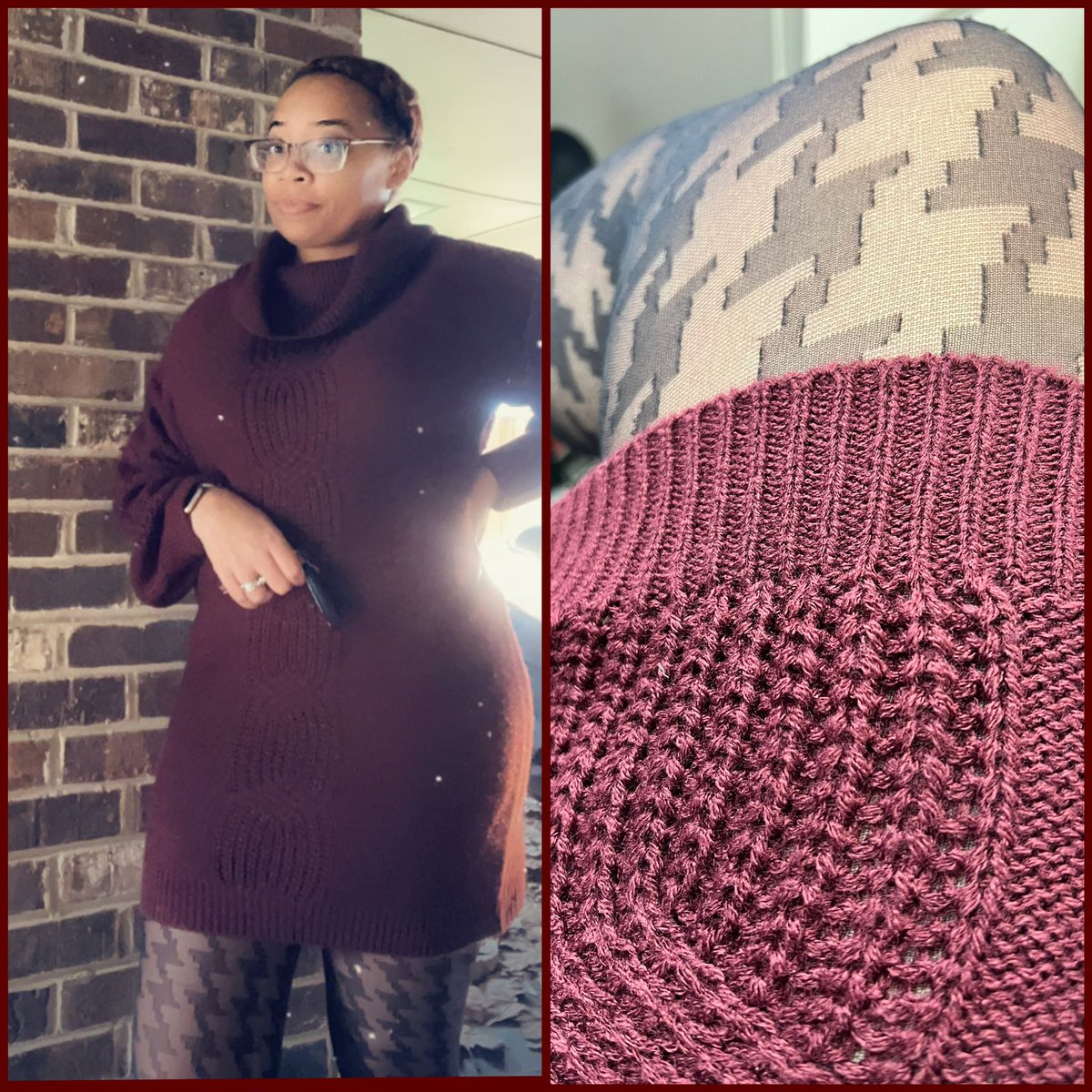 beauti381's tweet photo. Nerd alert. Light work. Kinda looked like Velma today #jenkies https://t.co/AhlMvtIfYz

★ ★ ★ ★ ★ ★ ★

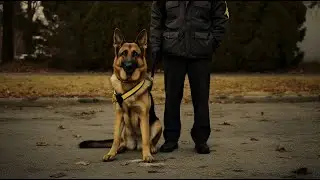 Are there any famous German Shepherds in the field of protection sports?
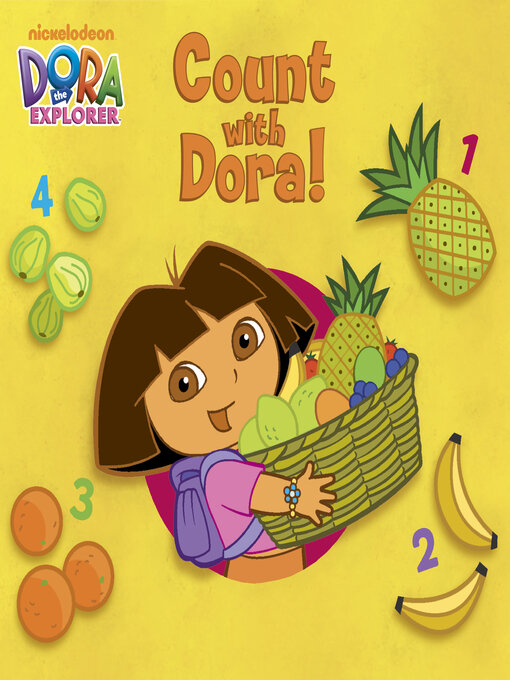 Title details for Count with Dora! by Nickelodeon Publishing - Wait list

★ ★ ★ ★ ★ ★ ★

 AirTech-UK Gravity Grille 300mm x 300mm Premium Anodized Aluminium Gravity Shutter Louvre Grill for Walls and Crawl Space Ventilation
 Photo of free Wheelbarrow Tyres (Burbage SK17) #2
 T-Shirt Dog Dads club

★ ★ ★ ★ ★ ★ ★

WORK TO BE COMPLETED ->
Look above for the line holding "AirTech-UK Gravity Grille", then set down exactly that line and every line after it up to and including the line holding "T-Shirt Dog Dads club", with nothing else.

REPLY ->
 AirTech-UK Gravity Grille 300mm x 300mm Premium Anodized Aluminium Gravity Shutter Louvre Grill for Walls and Crawl Space Ventilation
 Photo of free Wheelbarrow Tyres (Burbage SK17) #2
 T-Shirt Dog Dads club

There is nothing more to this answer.